Why U.S stock markets posted their worst week since Q4 2022
The Nasdaq Composite dropped for the sixth session in a row, marking the longest losing run in the past year and a half

The Nasdaq Composite dropped for the sixth session in a row, marking the longest losing run in the past year and a half. The decline coincides with Nvidia’s plunge, compounding the market’s recent problems linked to global unrest and persistent inflation.
While the broad S&P 500 fell 0.88% to 4,967.23, below the 5,000 mark, the tech-heavy Nasdaq retreated 2.05% to 15,282.01. Both achieved their sixth consecutive day without a positive day, a streak neither has experienced since October 2022.
If the current slump in Magnificent Seven equities continues until the closing, it would have lost about $934 billion from its market capitalizations this week, making it the group’s worst-ever weekly loss of market value.
Netflix saw a more than 9% decline even after posting better-than-expected quarterly results. Although the streamer’s subscriber base increased by 16% over the prior year, it announced that it would stop reporting paid subscriptions as of 2025.
The S&P 500 index has dropped 4.6% this month, and the three main US indices are headed for their first negative month since October last year. The S&P 500 is up 5.1% and the Nasdaq Composite has added 3.9%, while the Dow Jones Industrial Average has only up 0.2% since the beginning of 2024, almost wiping out its gains.
The markets revised when the Federal Reserve might start reducing interest rates due to strong economic indicators and persistent inflation. Not helping has been the rise in oil prices brought on by increased Middle East unrest.
This month’s data revealed that inflation is still persistently higher than the Fed’s 2% target. Employers exceeded forecasts in March by adding an astounding 303,000 new jobs. Spending at US stores increased for a second straight month, demonstrating the tenacity of US consumers despite rates sitting at a 23-year high.
Subsequently, Fed Chair Jerome Powell stated on Tuesday that rate reductions could happen later than anticipated and that the central bank will need to see more evidence of inflation moderating before changing course.
As per the CME FedWatch Tool, traders project the Fed will start easing rates in July or September.

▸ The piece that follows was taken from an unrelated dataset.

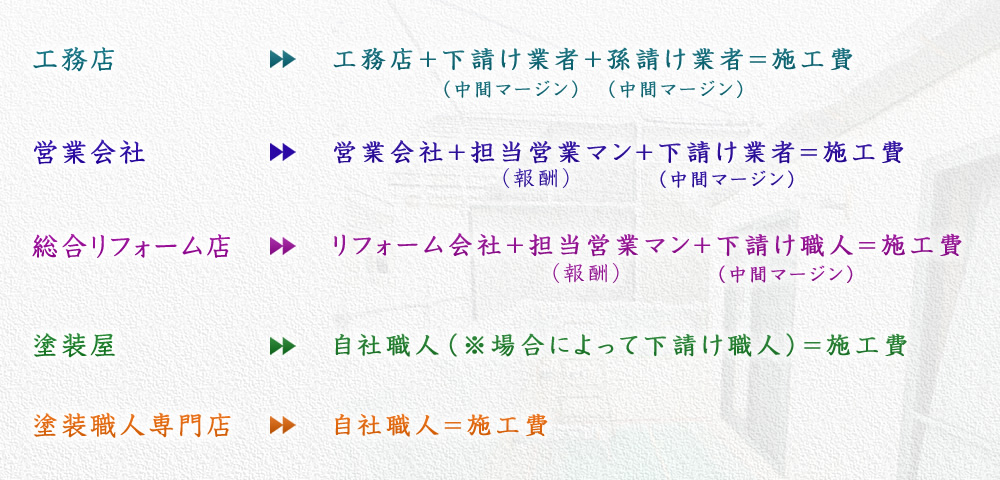 業者別施工費用の内訳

Up to six rate cuts in 2024, beginning in March, were anticipated by investors early this year.
The IMF raised its prediction for this year’s growth in the US economy but cautioned that controlling inflation will be difficult. Even though the US would play a major role in global growth, the group claimed the American economy is “overheated.”
Tensions rising in the Middle East are adding to Wall Street’s problems. Iran retaliated with airstrikes on Israel over the weekend for what it believed to be an Israeli strike on the facility housing its embassy in Syria earlier this month. In retaliation, Israel launched an attack on Iran. Though Iranian officials and state-affiliated media have attempted to downplay the incident thus far, Israel has remained silent.